Scholz orders German nuclear power plants to continue operating

BERLIN (HPD) — German Chancellor Olaf Scholz on Monday ordered his ministers to be prepared to keep the country’s three remaining nuclear power plants operating until mid-April, ending an issue that had threatened to split the coalition government led by his party, the Social Democrats.

The decision comes as Germany tries to avoid a possible energy shortage due to cuts in fuel supplies from Russia due to the war in Ukraine.

Scholz’s office said the chancellor announced his decision in a letter to the cabinet, an unusual move that reflects the deep divisions that have eroded his coalition’s minor parties in recent weeks.
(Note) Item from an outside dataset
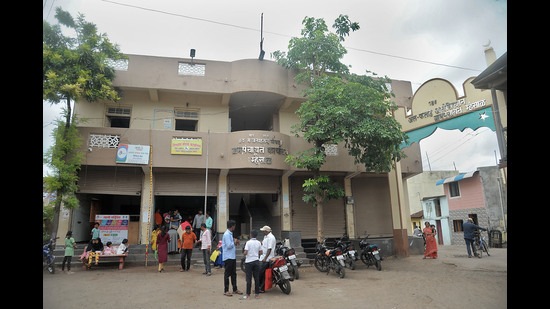 A day after nine members of a family were found dead at Mhaisal in Sangli district of Maharashtra, the police on Tuesday arrested 15 people in connection with the abetment to suicide case registered in the matter. (UDAY DEOLEKAR/HT PHOTO)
The environmentalist party The Greens, led by Economy and Energy Minister Robert Habeck, had argued that only two nuclear power plants in southern Germany — Isar 2 and Neckarwestheim — should continue to operate after the closure of one scheduled for December 31, to in order to mitigate possible failures in the electrical service during the winter.

Finance Minister Christian Lindner of the Free Democratic Party had suggested that all three — including the Emsland reactor in the northwest — should continue to operate, even after April if necessary. Some party members have even called for three other nuclear power plants that were shut down last year to be restarted due to high energy prices and the possibility of blackouts.

Successive German governments have pledged to end the country’s use of nuclear power by the end of the year as part of its transition to safe, renewable energy.

But the war in Ukraine, which has resulted in a sharp cut in supplies of natural gas from Russia to Europe, has forced Germany to restart its coal- and oil-fired power plants. Climate activists like Sweden’s Greta Thunberg, among others, have argued that it is wrong for Germany to shut down its existing nuclear power plants if it means consuming more fossil fuels.

Experts say nuclear power plants are mainly needed to maintain grid stability at times of high energy demand, including from neighboring France, whose reactors have had problems this year.